Hangarbay downloads, normalizes and indexes the complete FAA aircraft registry so you can skip straight to analysis. No more hunting for files to download, or joining fragmented tables, or trying to decoding cryptic lookup relationships. One command gets you 307,000+ aircraft registrations, owners and specifications ready to query with SQL or pandas.

This is a tool built for researchers, data journalists and aviation analysts who need fast, reliable and repeatable workflows.

Quick start

Requirements: Python 3.9+

Python API (notebooks & scripts)

# Install
pip install hangarbay

# One-time setup
import hangarbay as hb
hb.load_data()  # Downloads & processes FAA data to ~/.hangarbay/data/

# Look up aircraft
df = hb.search("N221LA")

# Find fleets
fleet = hb.fleet("United Airlines")
fleet = hb.fleet("LAPD|Los Angeles Police", state="CA")

# Custom SQL
df = hb.query("""
    SELECT maker, COUNT(*) as count
    FROM aircraft_decoded
    WHERE year_mfr > 2020
    GROUP BY maker
    ORDER BY count DESC
""")

# Check data age
info = hb.status()
print(f"Data is {info['age_days']} days old")

Command-line interface

# Clone and install
git clone https://github.com/stiles/hangarbay.git
cd hangarbay

# Recommended: use a virtual environment (uv, venv, conda, etc.)
uv venv && source .venv/bin/activate  # or: python -m venv .venv && source .venv/bin/activate

pip install -e ".[dev]"

# Run the full pipeline (~2 minutes)
hangar update     # Download, normalize and publish (all-in-one)

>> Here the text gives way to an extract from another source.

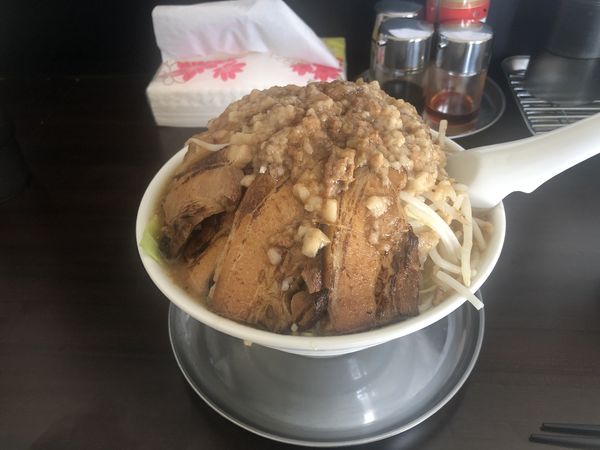 「二郎系ラーメン」@麺ヤ壱成の写真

# Or run steps individually
hangar fetch      # Download FAA data
hangar normalize  # Parse to typed Parquet tables
hangar publish    # Build DuckDB + SQLite FTS indexes

# Check data status and age
hangar status

# Start querying!
hangar search N757AF
hangar sql "SELECT COUNT(*) FROM aircraft"

What this does

Hangarbay downloads FAA aircraft registration data, normalizes it into typed tables and provides fast SQL querying:

  • 307K+ aircraft registrations with owner and address information
  • 93K+ make/model references (Cessna, Piper, Boeing, etc.)
  • 4,700+ engine specifications (horsepower, type, manufacturer)
  • DuckDB for analytical SQL queries (sub-second on 300K+ rows)
  • SQLite FTS5 for full-text search by owner name or address
  • Parquet files for efficient columnar storage
  • Data lineage tracking with SHA256 checksums and version metadata
  • Shared data directory at ~/.hangarbay/data/ - works from any project or notebook

Features

N-Number lookup

Look up any aircraft registration with decoded status codes and human-readable output:

hangar search N221LA

Fleet search

Find all aircraft owned by a person or company:

# Search by owner name (case-insensitive)
hangar fleet "United Airlines"
hangar fleet "LAPD"
hangar fleet "NetJets"

# OR logic with pipe separator (great for finding multiple airlines)
hangar fleet "LAPD|Los Angeles Police"     # Either pattern matches
hangar fleet "Delta|American|United"       # Any of the three

# Filter by state
hangar fleet "Delta" --state GA

# Export to CSV
hangar fleet "Boeing" --export boeing_fleet.csv

# Limit results
hangar fleet "Cessna" --limit 20
Aircraft Registration: N221LA

Owner: LAPD AIR SUPPORT DIVISION
Location: LOS ANGELES, CA

  Make & Model:           AIRBUS HELICOPTERS INC AS350B3
  Year Manufactured:      2014
  Serial Number:          7900
  Registration Status:    Valid
  Certificate Type:       Standard Airworthiness - Normal
  Status Date:            May 19, 2023
  Expiration:             Jun 30, 2028

SQL queries

Execute analytical queries with pretty output:

# Total aircraft
hangar sql "SELECT COUNT(*) FROM aircraft"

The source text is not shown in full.